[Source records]

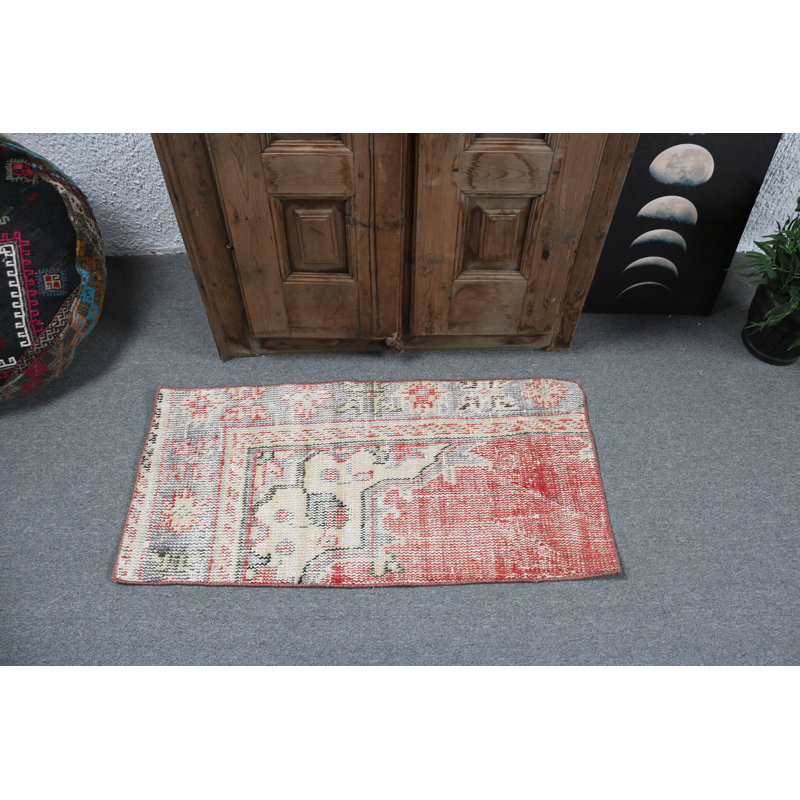 Authentique tapis turc rouge vif avec des motifs pour un décor traditionnel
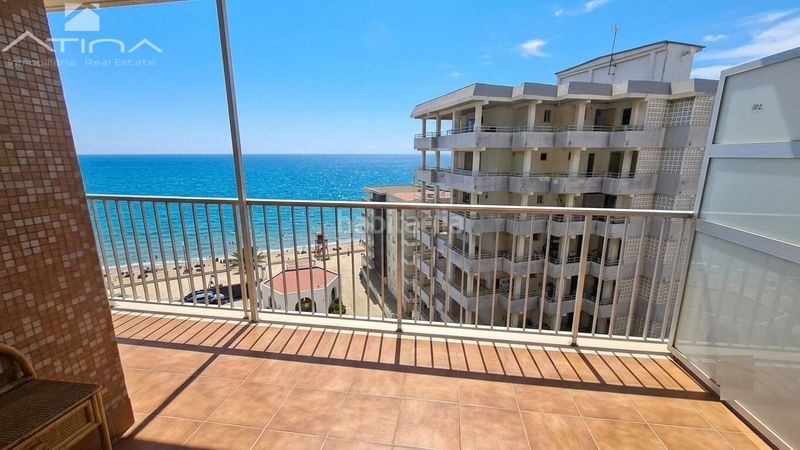 Foto 5f2b6b72-6dd7-4b25-8e13-556cd78cb32c. Apartamento  en venta en primera línea de la playa con vistas al mar y totalmente reformado en Bellreguard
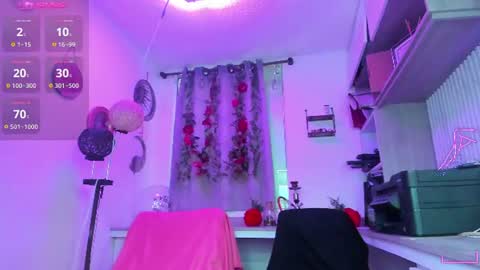 Snapshot of _cristal_ayala chatting on 06/20/26, 02:25 cristal ayala online show from 06/20/26, 02:25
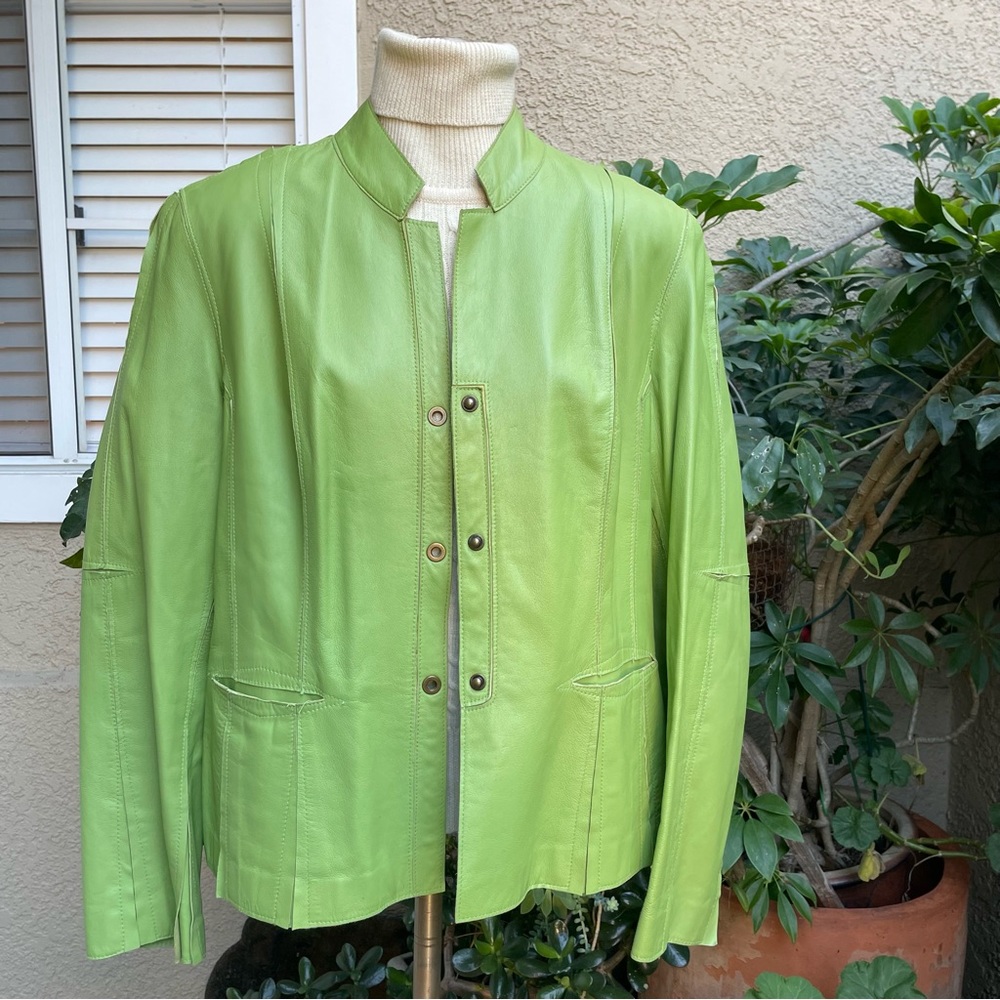 Vintage lime green Jons New York leather jacket with pockets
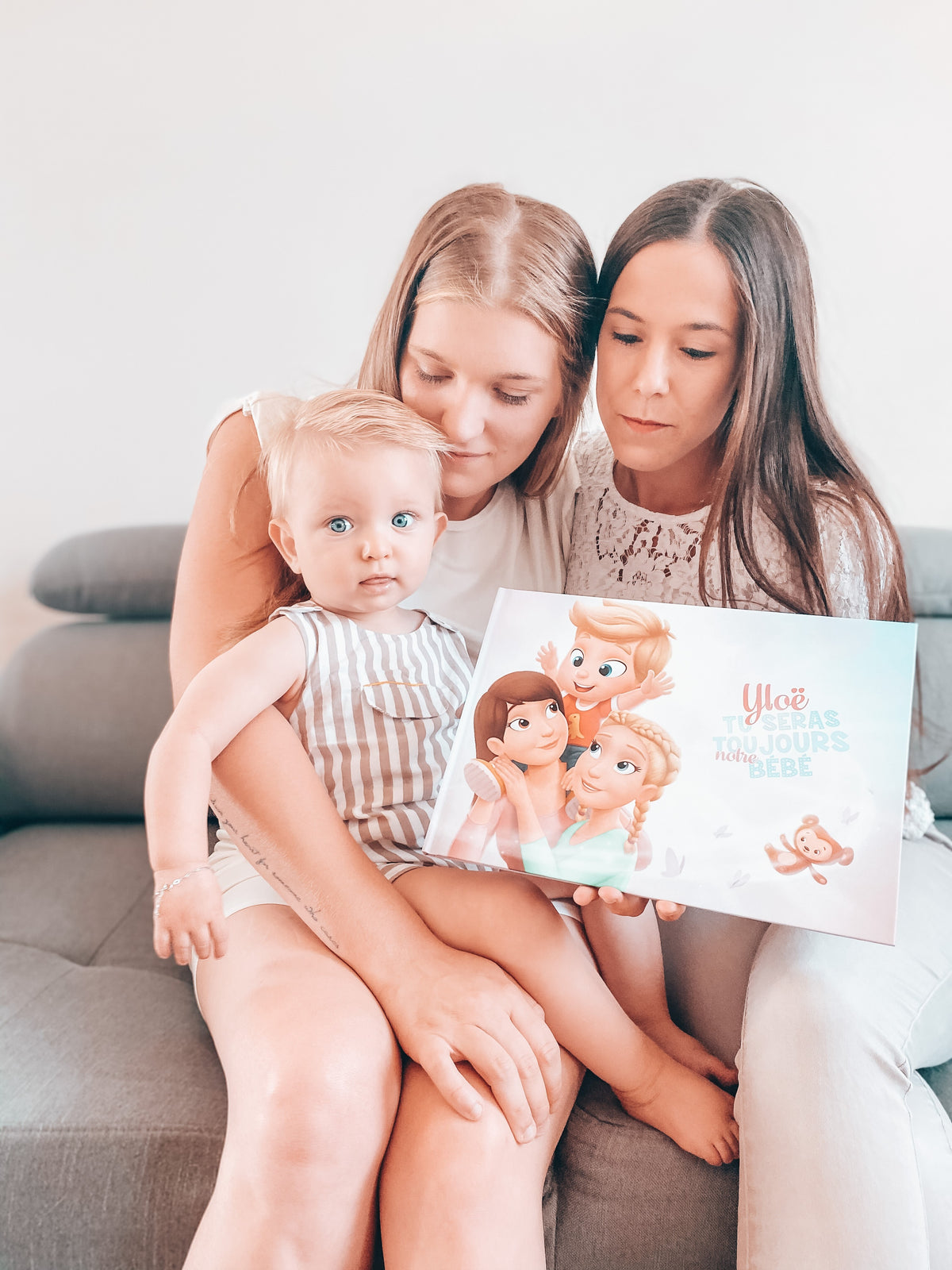 Les couples homosexuels et familles homoparentales sont à l'honneur dans ce livre personnalisé pour les familles.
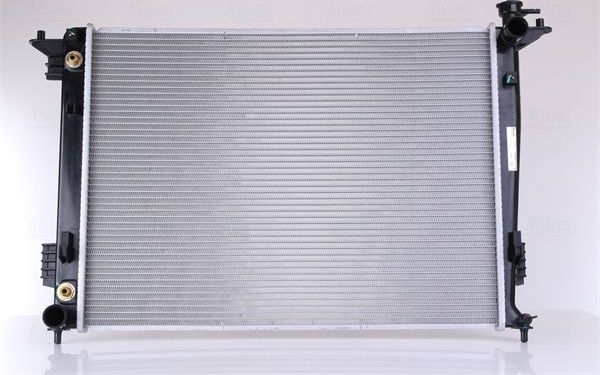 Радиатор охлаждения двигателя Nissens. Артикул 67514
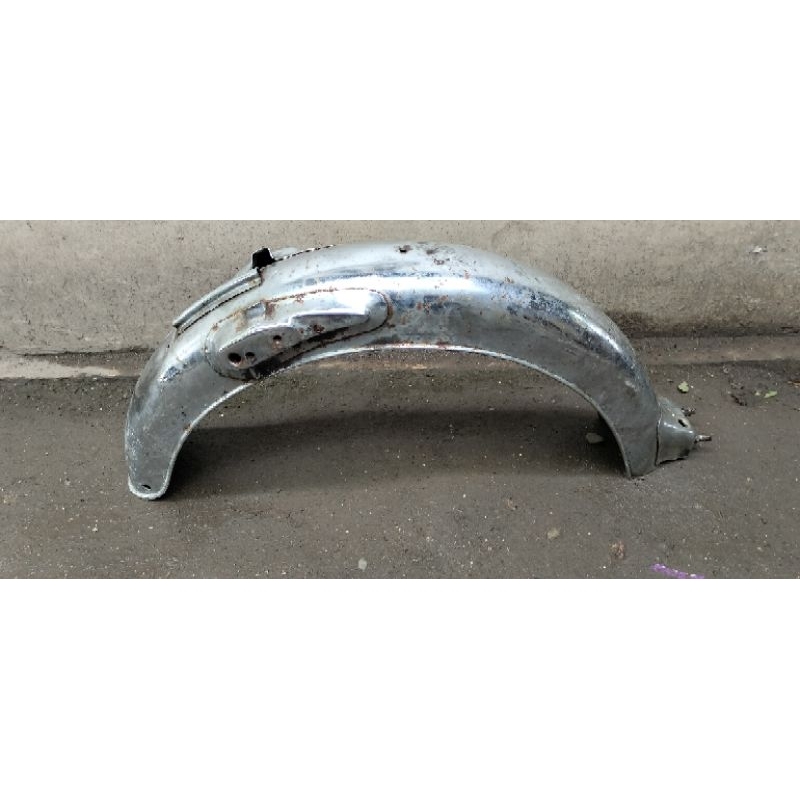 spakbor belakang cb 100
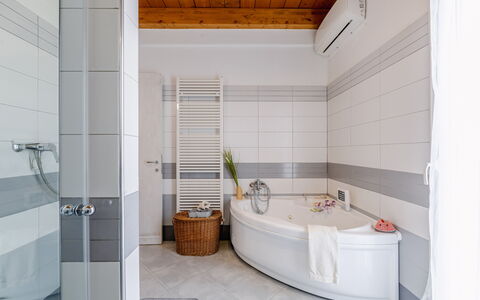 Casa Colleoro: Interior Design, Flooring, Armatur, Fussboden, Decke, Beleuchtung, Badezimmer, Installation, Zuhause, Möbel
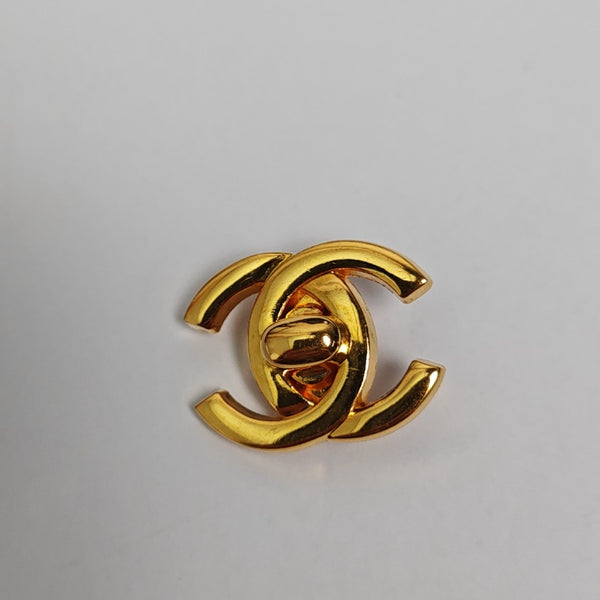 Vintage Metal Gold Clip On Earrings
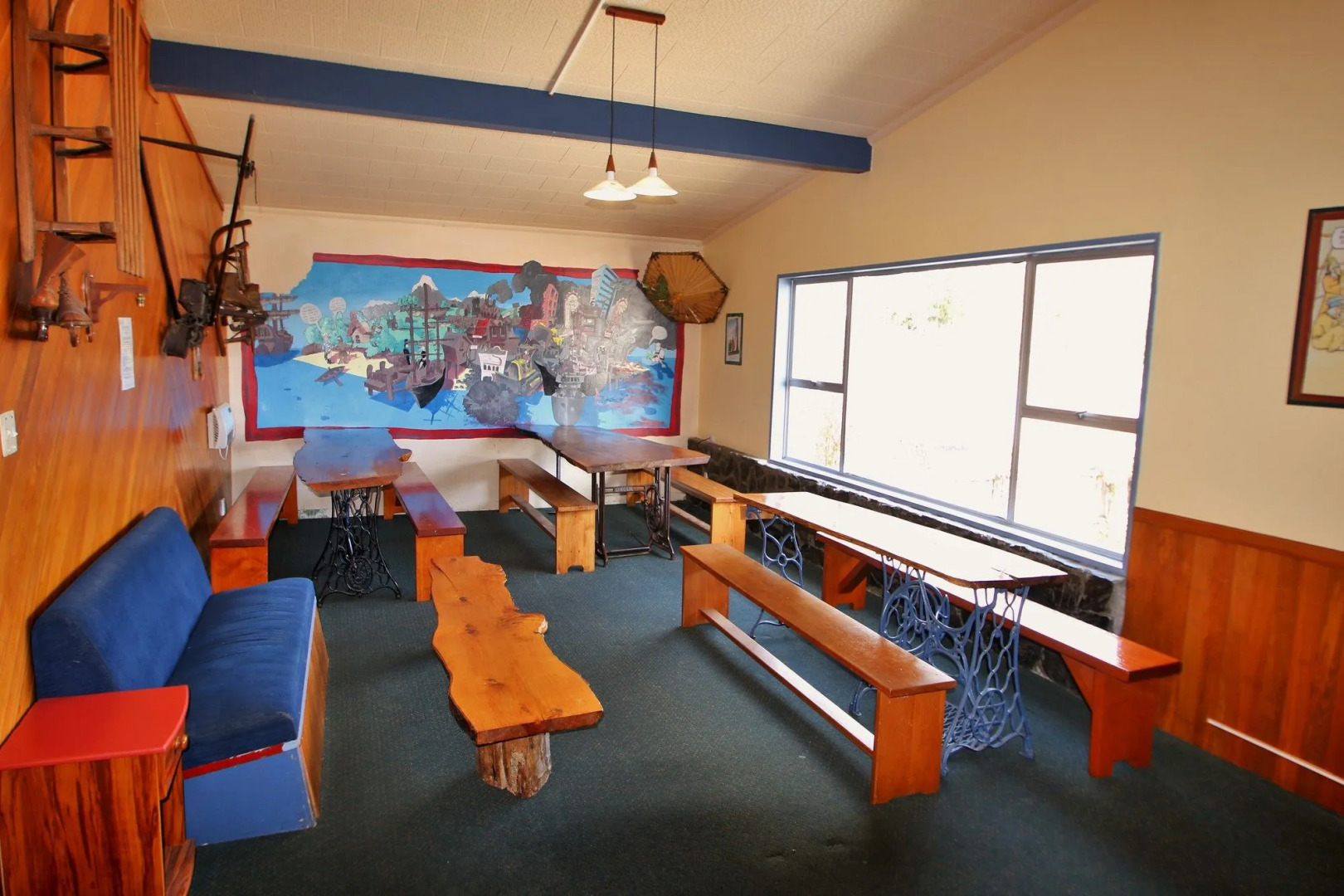 Chateau Backpacker & Motels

**Requirement**
Full transcription without images: please go through the records and repeat them exactly.

**Solved problem**
 Authentique tapis turc rouge vif avec des motifs pour un décor traditionnel
 Foto 5f2b6b72-6dd7-4b25-8e13-556cd78cb32c. Apartamento  en venta en primera línea de la playa con vistas al mar y totalmente reformado en Bellreguard
 Snapshot of _cristal_ayala chatting on 06/20/26, 02:25 cristal ayala online show from 06/20/26, 02:25
 Vintage lime green Jons New York leather jacket with pockets
 Les couples homosexuels et familles homoparentales sont à l'honneur dans ce livre personnalisé pour les familles.
 Радиатор охлаждения двигателя Nissens. Артикул 67514
 spakbor belakang cb 100
 Casa Colleoro: Interior Design, Flooring, Armatur, Fussboden, Decke, Beleuchtung, Badezimmer, Installation, Zuhause, Möbel
 Vintage Metal Gold Clip On Earrings
 Chateau Backpacker & Motels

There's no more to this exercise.